▶ [Instructions to follow]:
Look through the entries below and copy exactly the part that begins with the line containing "Welcome to my" and ends with the line containing "I really love". Do not copy the pictures.

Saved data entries

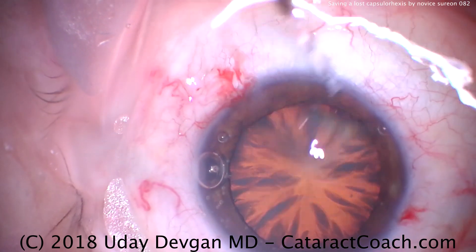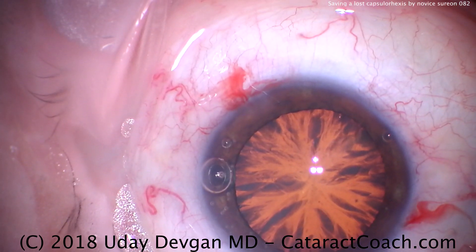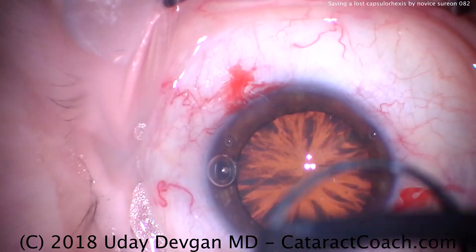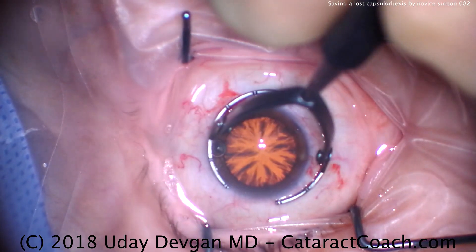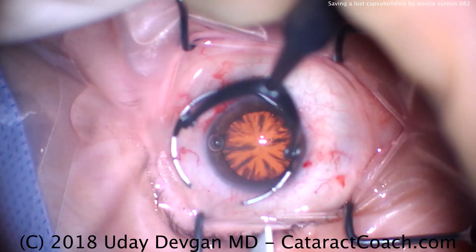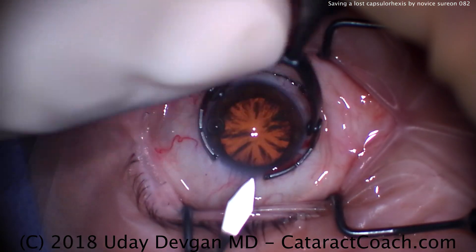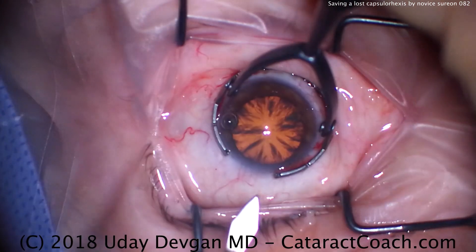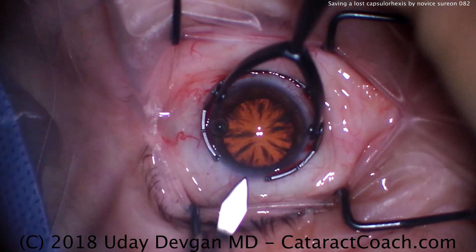Now it's going to be time to make the main incision. This is a tough case for the resident to choose because it's a tough view. Zooming out here, fixation ring going on the eye, and then the keratome is going to be used to make this incision. In this case, we have the resident operating superiorly because that's his choice.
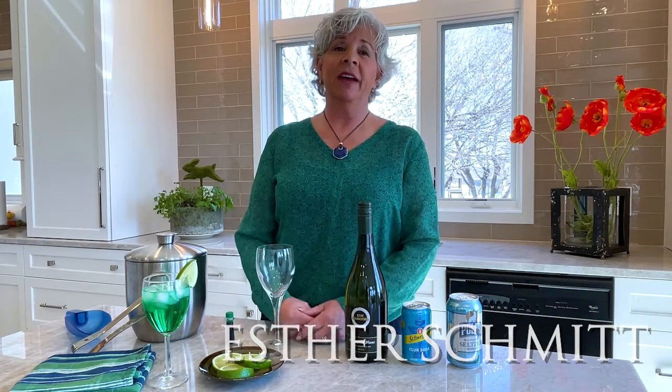Happy St. Patrick's Day! It's Esther with your March wine tip and home tip. We are close to St. Patty's. If you are somebody that doesn't like maybe the Irish whiskey or green beer, I've got an idea for you this year.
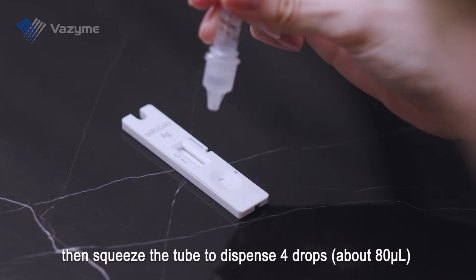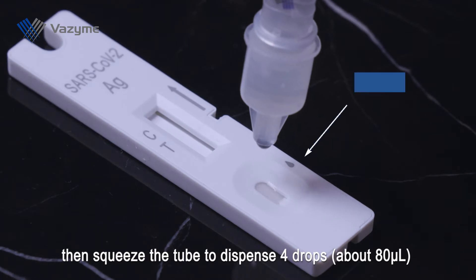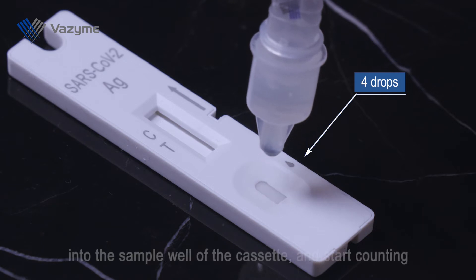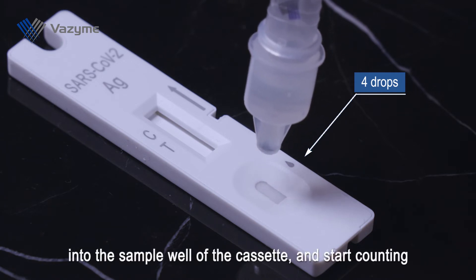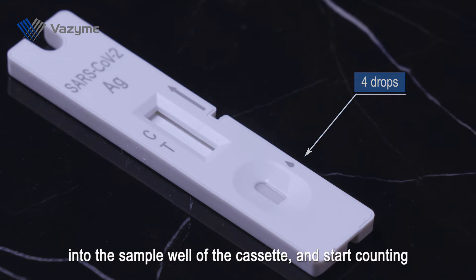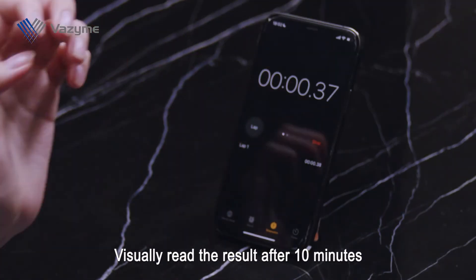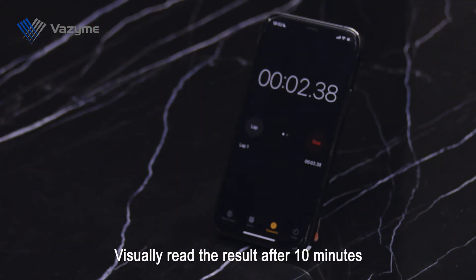Cap the sampled eluent tube upside down, then squeeze the tube to dispense 4 drops, about 80 microliters, into the sample well of the cassette. Start counting and visually read the result after 10 minutes.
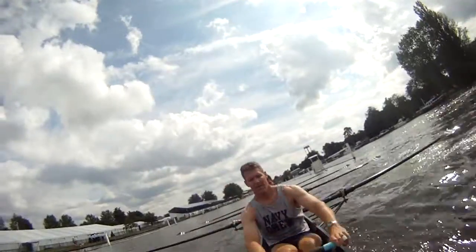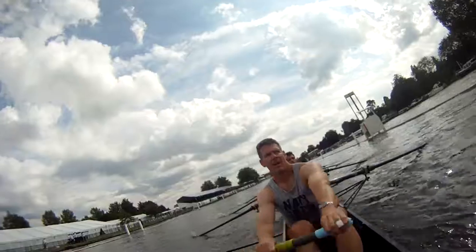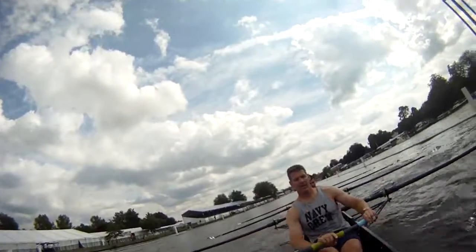Stretch it out. Swinging towards the end of the regatta enclosures now. At about 300 to go now. Let's go.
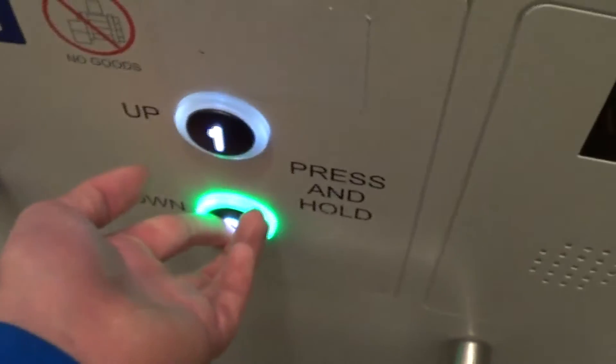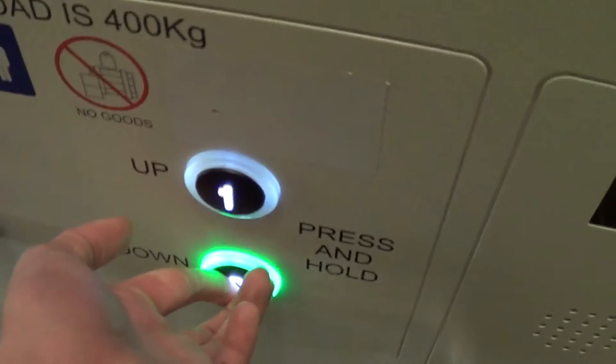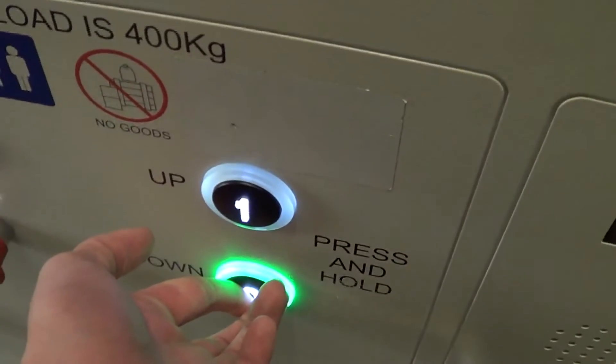Oh, here we are. Not as far as I thought. Bloody hurts, though, having to hold down the button. I'm too scared to let go of them in case they get stuck.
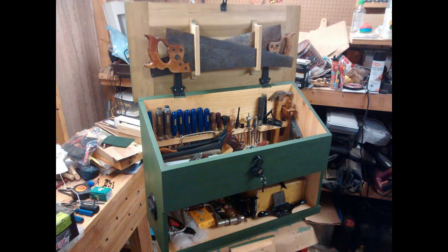Welcome to my fifth video in my Dutch tool chest series. This one is going to be on attaching the back to the tool chest, mainly an exercise in doing a tongue and groove joint.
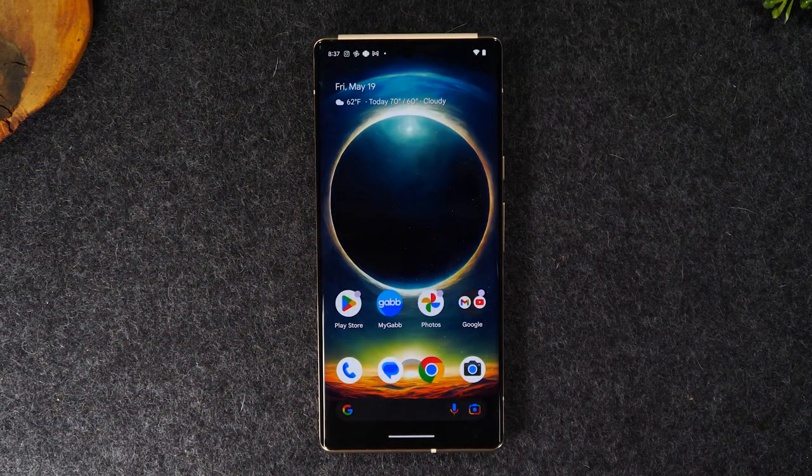Welcome back to another video. I'm your tech guide Wayne. Today I want to show you how to unlock your Google Pixel 6 Pro so you can use it with any carrier.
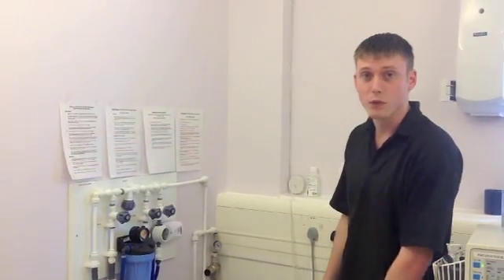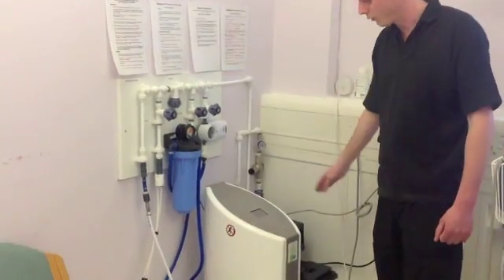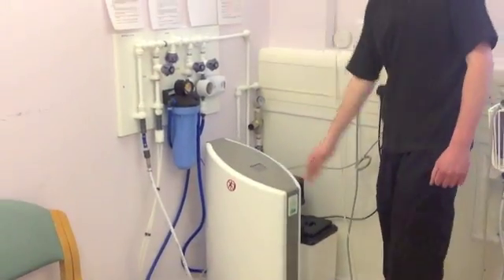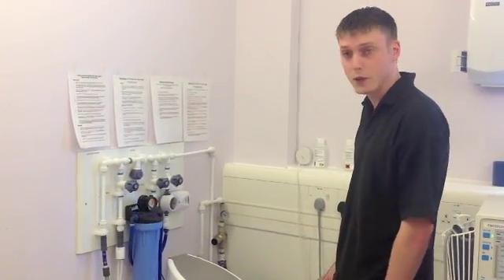Hello, my name is Steve. I am a renal technician and I am just going to explain to you today the valve board assembly, the softener and the RO, just as a recap for people who may have forgotten a couple of bits about it.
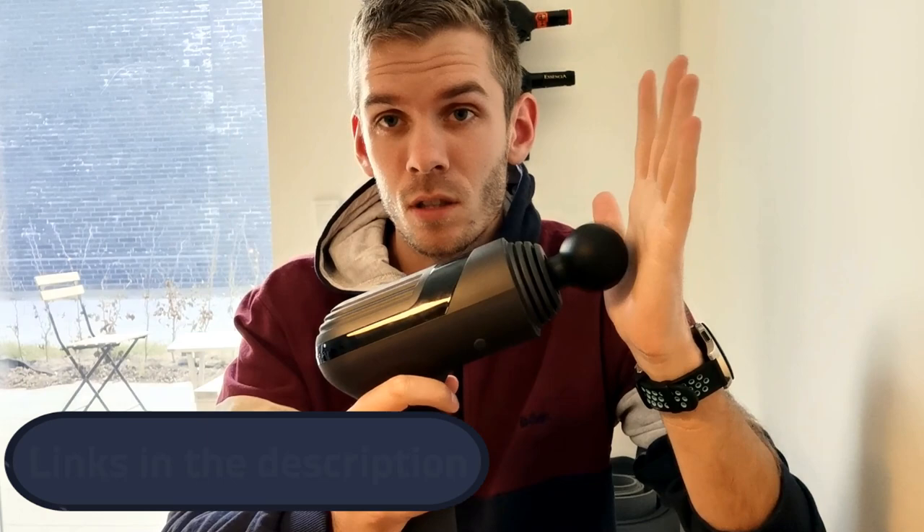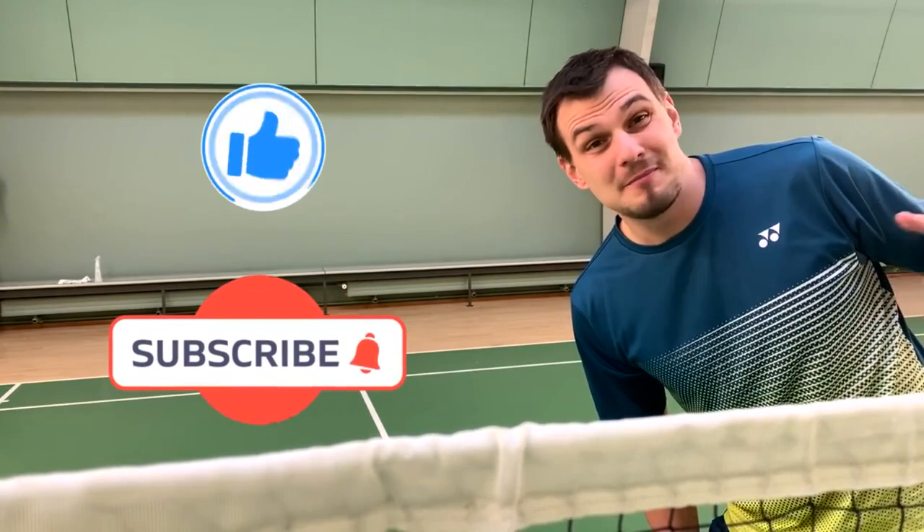I really love these massage guns because they helped me recover faster. It's not always about how much effort you put into practice — it's also about how fast you can recover. The faster you can recover, the faster you can practice, so recovering is a very crucial aspect if you want to improve your game as a badminton player. I've listed all the benefits and advantages in the description, and you can also visit their website. Remember to hit subscribe and maybe also the like button.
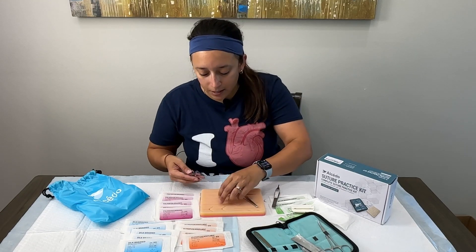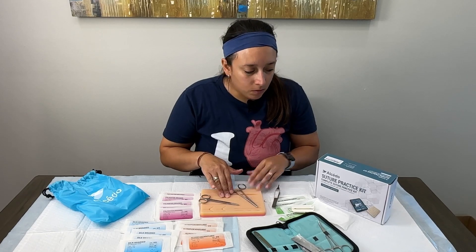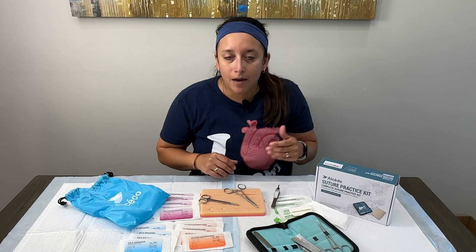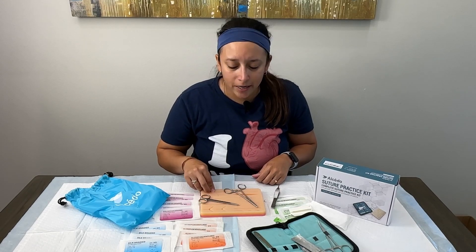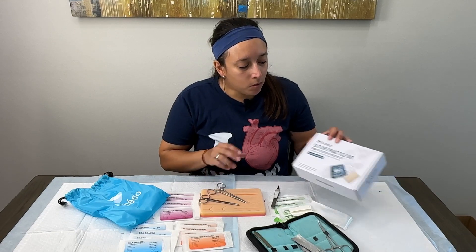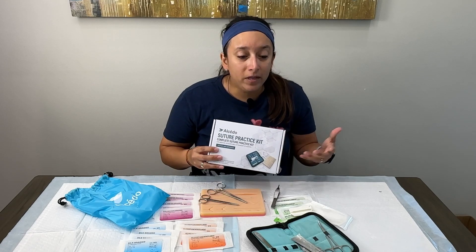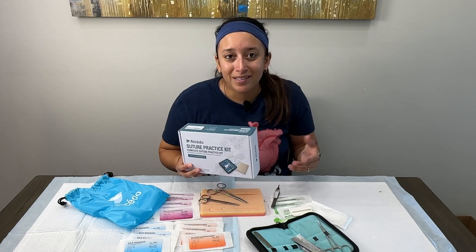I really like this kit. What sets it apart is the carry bag — being able to put all the material in the bag and take it in your backpack to school, the library, wherever you're practicing. It also has a nice variety of sutures, the silicone pad seems really sturdy, and the tools are easy to use and work with. Overall I really like this kit. If you want to purchase it, there'll be a link in the description below. Stay tuned for more reviews and unboxings, and thanks for joining us today!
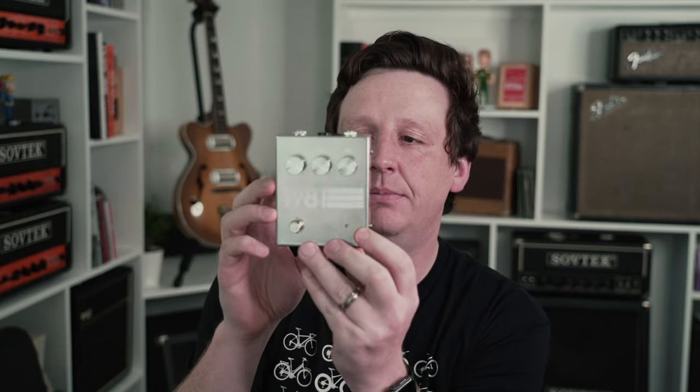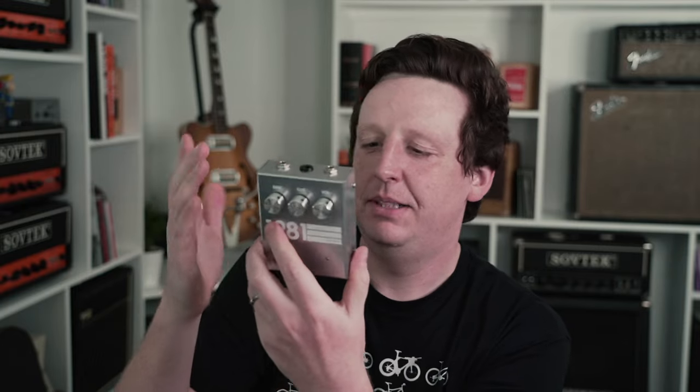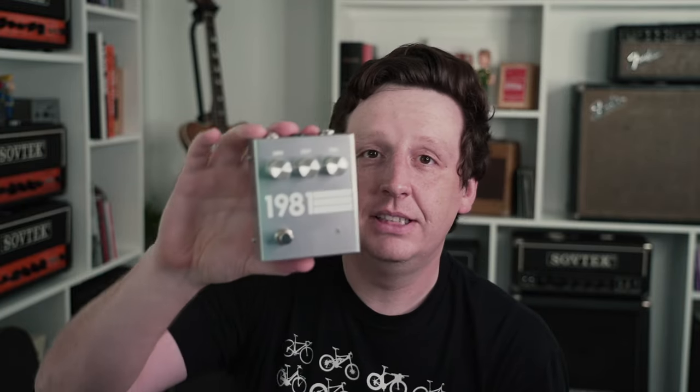The 1981 Inventions drive. Drive, cut, and volume. This pedal looks phenomenal. We hung out in Nashville a little bit when he dropped this off — that's where he lives. He even had the enclosure made. He's worked on this a while and it looks really great.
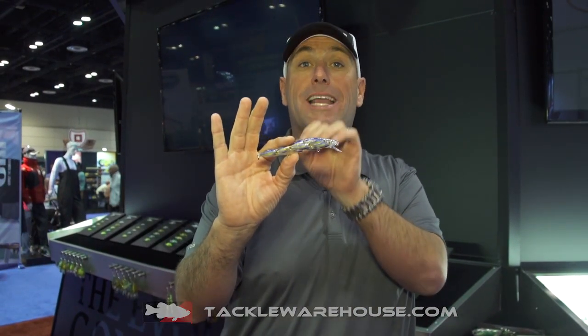Here at ICAST 2014, I'm Dave Mercer, host of Facts Efficient and Bassmaster Elite Series MC. And always a popular booth here, the Live Target booth. And this is the bait that they came out with this year — this is the Live Target Yearling.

▶ [Task solution]:
Welcome to my fifth video in my Dutch tool chest series. This one is going to be on attaching the back to the tool chest, mainly an exercise in doing a tongue and groove joint.
Welcome back to another video. I'm your tech guide Wayne. Today I want to show you how to unlock your Google Pixel 6 Pro so you can use it with any carrier.
Hello, my name is Steve. I am a renal technician and I am just going to explain to you today the valve board assembly, the softener and the RO, just as a recap for people who may have forgotten a couple of bits about it.
I really love these massage guns because they helped me recover faster. It's not always about how much effort you put into practice — it's also about how fast you can recover. The faster you can recover, the faster you can practice, so recovering is a very crucial aspect if you want to improve your game as a badminton player. I've listed all the benefits and advantages in the description, and you can also visit their website. Remember to hit subscribe and maybe also the like button.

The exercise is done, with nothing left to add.